■ **Work item**
For this exercise, please transcribe exactly and only the lines from the one containing "Mobile Phone Tripod" through the end of the material, both ends included, without pictures.

=-=-=

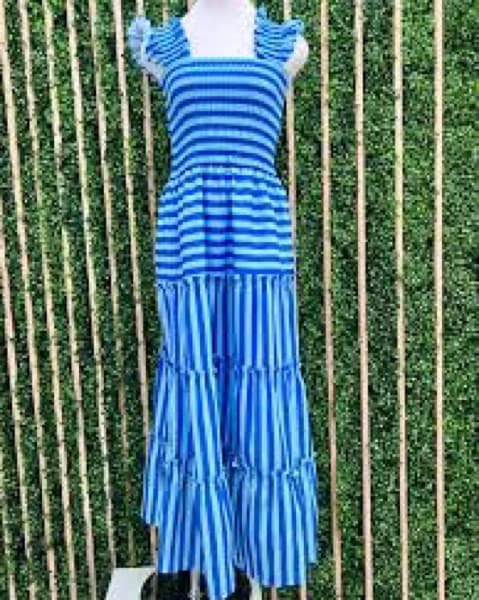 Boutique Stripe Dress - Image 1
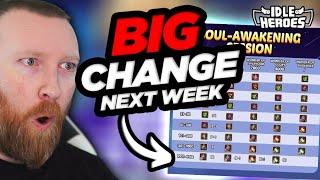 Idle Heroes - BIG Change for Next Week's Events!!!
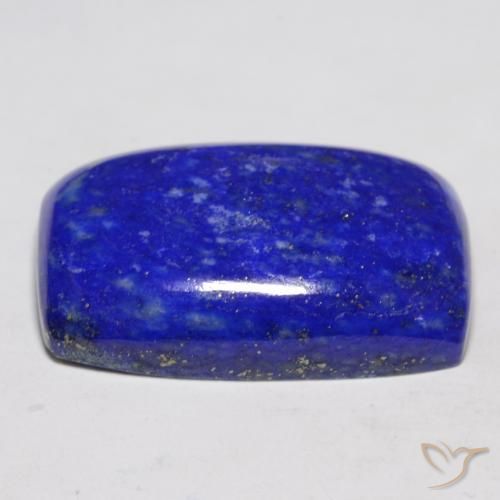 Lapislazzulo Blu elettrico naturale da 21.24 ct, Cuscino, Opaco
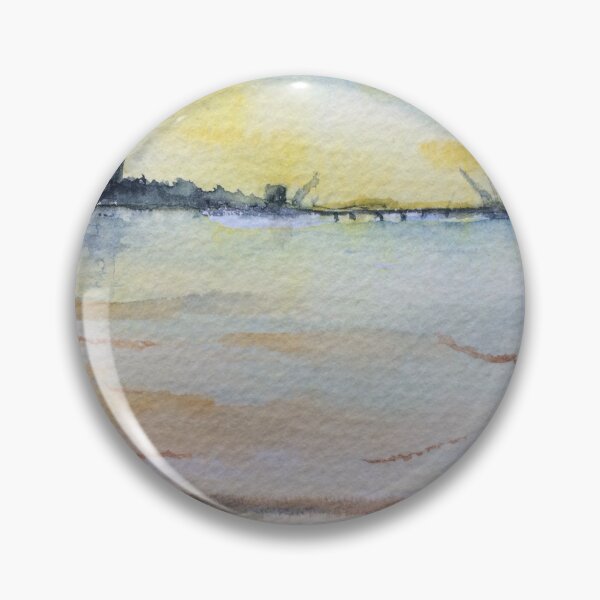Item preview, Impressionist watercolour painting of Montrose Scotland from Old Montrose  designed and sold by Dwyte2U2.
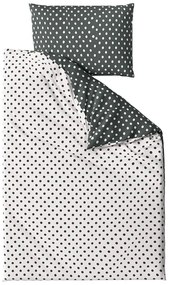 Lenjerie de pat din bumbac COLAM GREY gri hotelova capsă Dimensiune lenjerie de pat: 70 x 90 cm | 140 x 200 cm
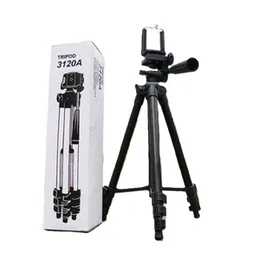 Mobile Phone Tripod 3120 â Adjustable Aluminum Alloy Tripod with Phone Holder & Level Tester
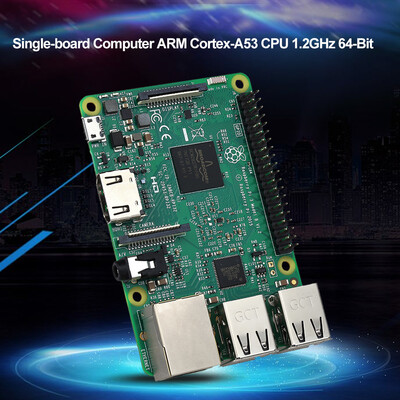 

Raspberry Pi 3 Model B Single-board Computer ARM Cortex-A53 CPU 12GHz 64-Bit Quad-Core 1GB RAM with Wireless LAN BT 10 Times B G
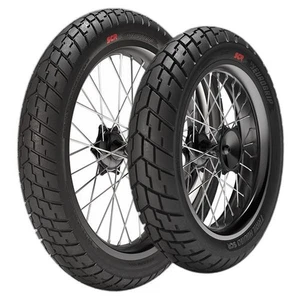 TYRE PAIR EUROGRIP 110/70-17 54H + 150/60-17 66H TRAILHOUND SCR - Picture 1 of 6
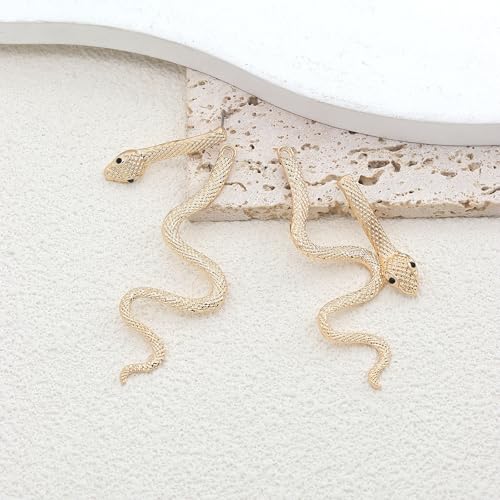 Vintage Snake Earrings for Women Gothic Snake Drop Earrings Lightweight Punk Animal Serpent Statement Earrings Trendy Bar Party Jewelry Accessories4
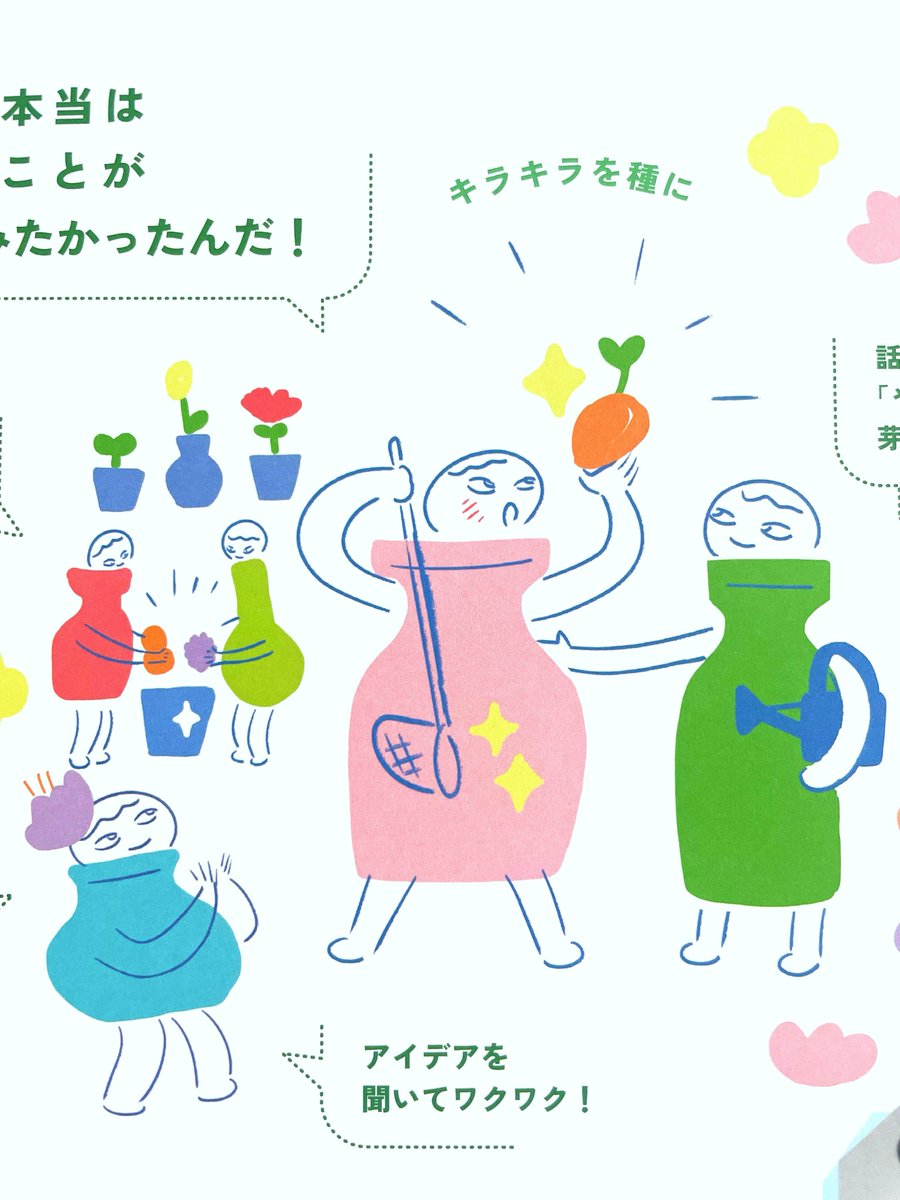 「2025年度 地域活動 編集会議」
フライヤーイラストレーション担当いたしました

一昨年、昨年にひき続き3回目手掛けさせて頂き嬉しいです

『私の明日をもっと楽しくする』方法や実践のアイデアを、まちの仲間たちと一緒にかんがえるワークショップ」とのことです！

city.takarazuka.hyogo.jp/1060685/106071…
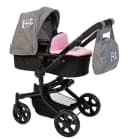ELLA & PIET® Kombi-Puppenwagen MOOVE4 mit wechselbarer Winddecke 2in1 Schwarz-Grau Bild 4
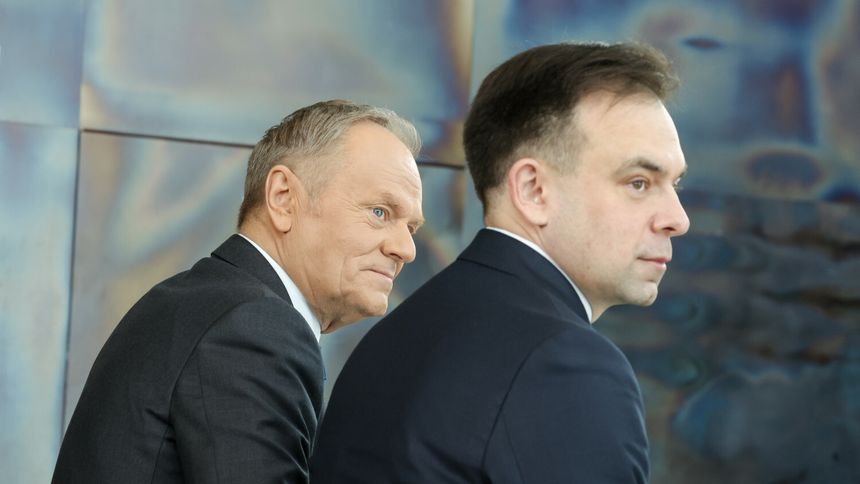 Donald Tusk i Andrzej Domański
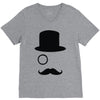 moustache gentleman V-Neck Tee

=-=-=

■ **Response below**
 Mobile Phone Tripod 3120 â Adjustable Aluminum Alloy Tripod with Phone Holder & Level Tester

Raspberry Pi 3 Model B Single-board Computer ARM Cortex-A53 CPU 12GHz 64-Bit Quad-Core 1GB RAM with Wireless LAN BT 10 Times B G
 TYRE PAIR EUROGRIP 110/70-17 54H + 150/60-17 66H TRAILHOUND SCR - Picture 1 of 6
 Vintage Snake Earrings for Women Gothic Snake Drop Earrings Lightweight Punk Animal Serpent Statement Earrings Trendy Bar Party Jewelry Accessories4
 「2025年度 地域活動 編集会議」
フライヤーイラストレーション担当いたしました

一昨年、昨年にひき続き3回目手掛けさせて頂き嬉しいです

『私の明日をもっと楽しくする』方法や実践のアイデアを、まちの仲間たちと一緒にかんがえるワークショップ」とのことです！

city.takarazuka.hyogo.jp/1060685/106071…
ELLA & PIET® Kombi-Puppenwagen MOOVE4 mit wechselbarer Winddecke 2in1 Schwarz-Grau Bild 4
 Donald Tusk i Andrzej Domański
 moustache gentleman V-Neck Tee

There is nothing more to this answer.